Hey sorry i havent responded. i threw up on my phone while i was sleeping
The funny thing is... I'm about to go to the store to buy WD-40 and condoms... That's it.
And before you ask they are unrelated purchases.
Oh my god you would drunk register for a marathon.
shhh. i hid the ranch dip behind the rooster. don't tell anyone that way you can find it in the morning and it won't be all eaten.
wrong number but thanks
Oprah is sooooo fat. I can't even concentrate on Mackenzie Phillips talking about banging her dad
He started telling people I was Stephen Hawking's son. When that didnt fly he switched to Tony Romo's cousin
Is it sad I don't want to go buy $1 Mac-n-cheese cause I need to pay rent... I'm re-naming this college.
Also, peanut butter on a spoon dinner is back in existence and it is good.
I have stripper ass cheeks all over my glasses
Oh by the way, john gave me your shirt to return to you when I was at work today. I almost gave him his girlfriends underwear to return to her but figured it would be inappropriate.
Until she magically finds a brain, I'm going to be a dick. Fair trade. She's a idiot, I'm an ass.
What? My family got wasted on patron and I threw up on my pants and said it was gravy. Hot mess.
Forgot my sound was off and didnt even realize it until halfway through because I thought I could hear it. I think high me just narrated half a clip of adventure time
I was out of weed and my vibrator broke, so I'm now at Red Lobster.

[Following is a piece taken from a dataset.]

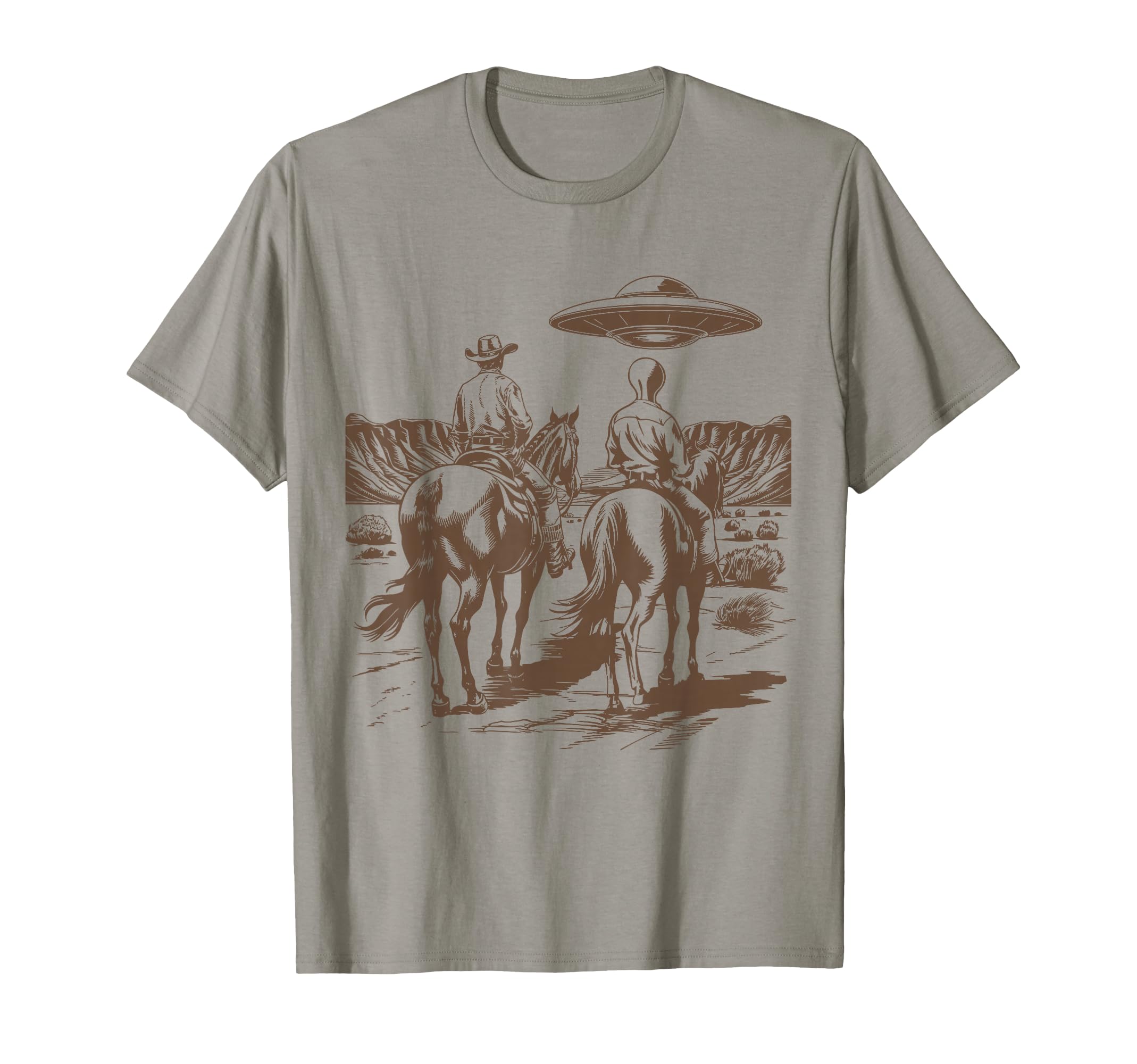 Ufos Western Alien 90S Funny Rodeo Cowboy T-Shirt - Custom Art Print Unisex - T-Shirt, Sweatshirt, Hoodie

So about that you can bill me for the chair but it was David's idea to jump from the window sill into the washer with "clothing pillows of cloudiness" to land on to get ahold of him you have to phone his mother
I just talked to her she really hates you like a lot
I wasn't talking about him I meant his penis! Its not a pet
Oh. Well it should be. I like petting it.